Career highlights and awards
- KBO Korean Series champion (1999); Golden Glove Award (2005);

= Jay Davis =

American baseball player

Jay Davis (born October 3, 1970, in Chicago, Illinois) is an American former professional baseball player.

He played seven seasons as an outfielder with the Hanwha Eagles of the Korea Baseball Organization. Davis had the longest career of a foreign player in the KBO League, achieving the highest batting average (minimum 2,000 at-bats) in that category, as well as the most runs scored, the most hits, the most runs batted in, and the most stolen bases of any foreign-born player.

== Career ==
Davis was the 318th pick overall of the 1989 June Amateur Draft, chosen out of Rezin Orr High School by the New York Mets. He spent ten years in the minor leagues, never making it to the Majors.

In 1999, Davis left for Korea and the Hanwha Eagles. He and fellow American import Dan Rohrmeier, as well as Koreans Song Ji-man and Chang Jong-hoon, led the Eagles to the 1999 Korean Series championship; the team had a slugging percentage of .487, the highest team total in KBO League history. Davis contributed with a slash line of .328/.376/.570 with 30 homers, 35 stolen bases, 93 runs, and 106 RBI. His was the seventh-best batting average in the KBO League that year, and tops for all foreign-born players.

In 2000, Davis' .334 batting average was fifth-best in the league; he added 22 home runs and 21 stolen bases. Davis' 2001 season continued the trend, with a slash line of 335/.406/.558 to accompany 30 home runs, 95 runs, and 96 RBI. Davis finished fifth in the KBO League in batting average, and his 166 hits were one behind league leader Lee Byung-kyu. In 2002 Davis hit only .287 with 21 home runs; he still led all American-born players in the KBO in batting average.

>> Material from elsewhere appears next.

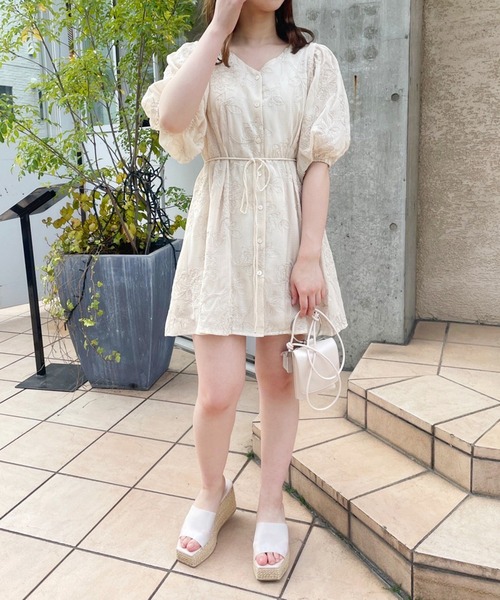 one after another NICE CLAUP（ワンアフターアナザーナイスクラップ）の「シアー刺しゅうマルチブラウス（シャツ/ブラウス・レディース・オフホワイト/ホワイト系その他/ホワイト系その他2・FREE）」の6枚目の写真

After four successful seasons with the Eagles, Davis played the 2003 season in the Mexican League. He returned to Korea and the Eagles for the 2004–2006 seasons. His 2004 season featured a .323 batting average, 24 homers, and a league-leading 90 runs scored (tying Park Yong-taik). With a .323 batting average, 24 home runs, and 86 RBI, Davis earned a 2005 KBO League Golden Glove Award. That year he passed Tyrone Woods for the longest KBO career by a foreigner, and he also broke Woods' record for career RBI by a foreigner. In 2006, Davis hit .284 with 21 home runs.

In Davis' seven seasons with the Eagles, he compiled a .313 batting average, 167 home runs, and 591 runs batted in.